The USPTO's Board of Appeal upheld the original examiner's decision, but on different grounds. It said that the transformation of "non-physical financial risks and legal liabilities of the commodity provider, the consumer, and the market participants" is not something that can be patented.
The case was appealed to the US Court of Appeals for the Federal Circuit. Business method patents have proved controversial in the past. The most famous dispute has been over Amazon's patenting of its 1-Click method of shopping on its site.
US patent law says: "Whoever invents or discovers any new and useful process, machine, manufacture, or composition of matter, or any new and useful improvement thereof, may obtain a patent therefore."
"It is undisputed that [Bilski's] claims are not directed to a machine, manufacture, or composition of matter," said the Court of Appeals ruling. "Thus, the issue before us involves what the term 'process' in [the law] means, and how to determine whether a given claim... is a 'new and useful process'."
"The true issue before us then is whether [Bilski is] seeking to claim a fundamental principle (such as an abstract idea) or a mental process. And the underlying legal question thus presented is what test or set of criteria governs the determination by the [USPTO] or courts as to whether a claim to a process is patentable," said the ruling.
The US Supreme Court ruled in a case in 1972, the Benson case, in which it said that the use of a mathematical algorithm in a computer could not be patented, because to do so would be to patent the algorithm itself in its only useful form.
Mathematical formulae cannot be patented because they are said by the courts to be laws of nature and they therefore belong to everyone.
"The Supreme Court … has enunciated a definitive test to determine whether a process claim is tailored narrowly enough to encompass only a particular application of a fundamental principle rather than to pre-empt the principle itself," said the Court of Appeals ruling. "A claimed process is surely patent-eligible under [patent law] if: (1) it is tied to a particular machine or apparatus, or (2) it transforms a particular article into a different state or thing."
This is permitted, the ruling said, because someone else could use the fundamental principle in relation to a different machine or to affect a different article without infringing the patent. It therefore does not restrict the use of a fundamental principle, it said.

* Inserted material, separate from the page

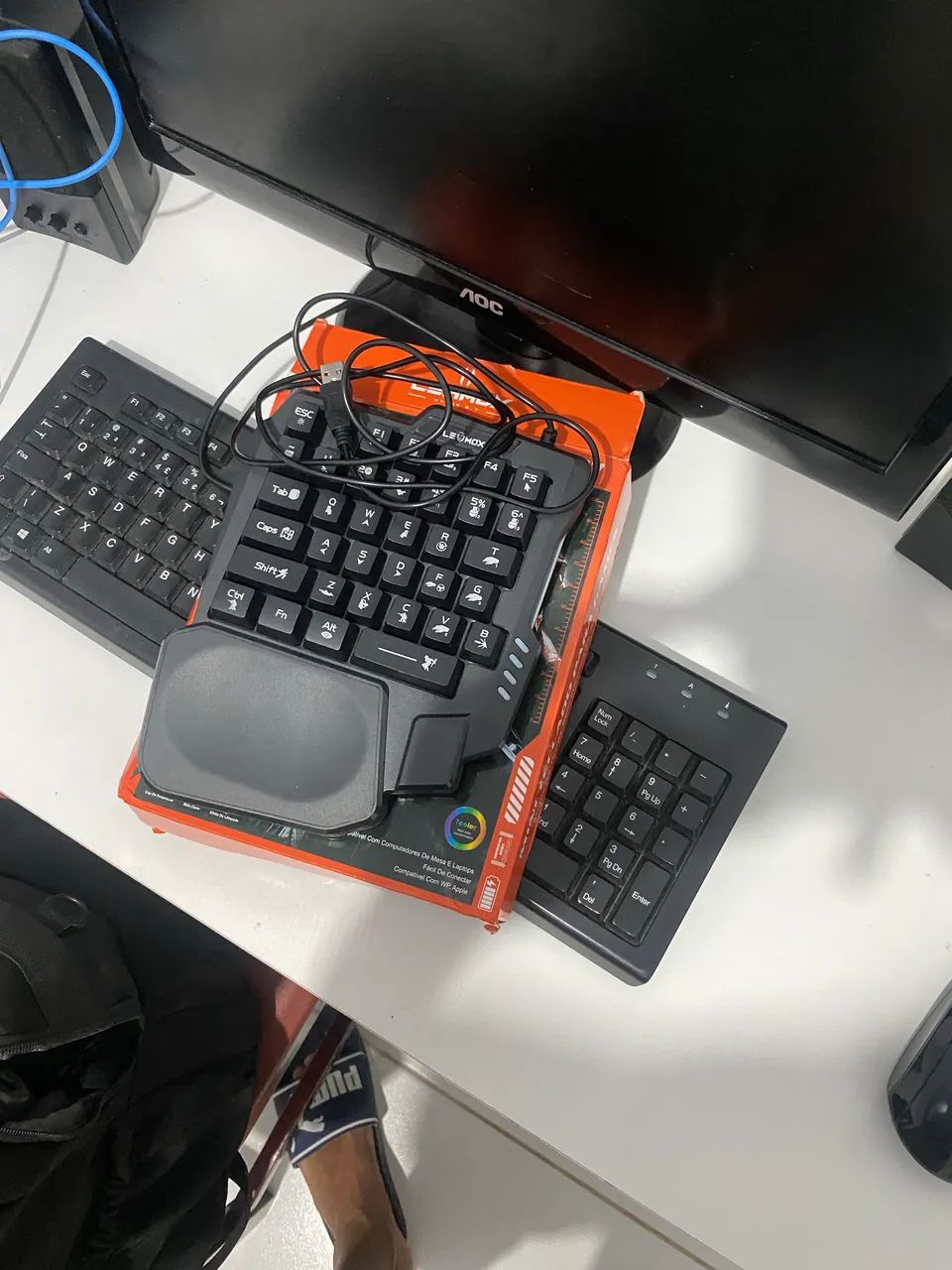 Teclado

In an earlier case involving State Street Bank the US Court of Appeals for the Federal Circuit had said that a business method or process could be awarded a patent if it "produces a useful, concrete and tangible result".
The Court has now ruled, though, that that should not be the test that is applied to requests for patents.
"While looking for 'a useful, concrete and tangible result' may in many instances provide useful indications of whether a claim is drawn to a fundamental principle or a practical application of such a principle, that inquiry is insufficient to determine whether a claim is patent-eligible," it said.
"It was certainly never intended to supplant the Supreme Court's test. Therefore, we also conclude that the 'useful, concrete and tangible result' inquiry is inadequate and reaffirm that the machine-or-transformation test outlined by the Supreme Court is the proper test to apply," it said.
The Court agreed, though, that the test may not be perfect for modern business, when computers have so altered what kinds of business processes are possible. It said, though, that it was for the Supreme Court, and not it, to change the test.
"We agree that future developments in technology and the sciences may present difficult challenges to the machine-or-transformation test, just as the widespread use of computers and the advent of the internet has begun to challenge it in the past decade," it said.
"Thus, we recognize that the Supreme Court may ultimately decide to alter or perhaps even set aside this test to accommodate emerging technologies. And we certainly do not rule out the possibility that this court may in the future refine or augment the test or how it is applied," it said.
"At present, however, and certainly for the present case, we see no need for such a departure and reaffirm that the machine-or-transformation test, properly applied, is the governing test for determining patent eligibility of a process," said the ruling.
Copyright © 2008, OUT-LAW.com
OUT-LAW.COM is part of international law firm Pinsent Masons.
Sponsored: RAID: End of an era?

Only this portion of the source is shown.